Concerning Greece's earthquake aid to Turkey, the prime minister said that the country operated a principle of assisting other countries, especially neighbouring ones, when disaster struck.
"Our principle is friendship and cooperation among peoples and the earthquake cannot be viewed as an opportunity, because that would make a mockery of our policy," Mr. Simitis said.
"We are exercising a policy of peace and cooperation, and Turkey should examine its own line, its own views, and finally make a move that will help to bring a major improvement in the climate."
On the question of US President Bill Clinton's visit in November, Mr. Simitis said the US president is welcome in Greece, but the agenda of talks has not yet been determined. However, he believes that the Cyprus issue, Greek-Turkish relations, the European Union and Greek-US relations will be discussed.
"I don't think and I don't believe that he will be carrying any message," he said.
Finally, the prime minister said that a package of economic measures announced last week, including tax cuts, were not pre- election hand-outs, but proof that the economy was making good progress.
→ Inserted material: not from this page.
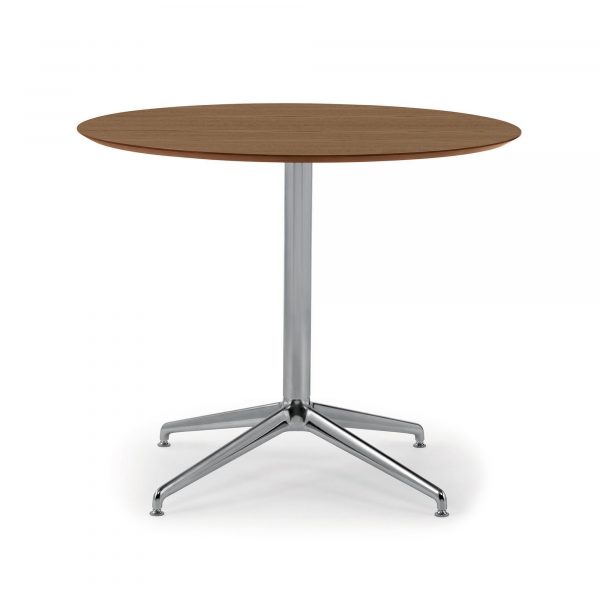 Melina Meeting Table, Round Top, Veneer Finish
He added that new options would open for the economy following entry into the euro zone, whose target date is January 1, 2001. The package of measures were part of the government's plan to take Greece forward.
"This policy has nothing to do with elections. It is about the way ahead and the government's new four-year term," Mr. Simitis said. He added that there would be no new concessionary measures.
Mr. Simitis said the Stock Exchange was a tool for growth, while many businesses draw a great deal of capital from it, but it also has certain individual aspects. He added that there was gambling on chance and speculation, but the government was trying to control these aspects.
Referring to the issue of educational reform, Mr. Simitis said educational reform was necessary, stressing the existence of inflexibility in the educational system.
He said educational reform was showing certain problems of adjustment and changes will be brought about wherever this is necessary.
Asked to comment on relations between the Church and the state, Mr. Simitis said the Church preoccupies itself with ecclesiastical issues and the state handles its own issues. He said the creation of a mosque in Athens is a decision which is up to the state, while the Church can have its own say.
Mr. Simitis was also asked about the upcoming visit to Greece by Pope John Paul II, saying that the Pope is a head of state and in this capacity he is welcome to visit the country.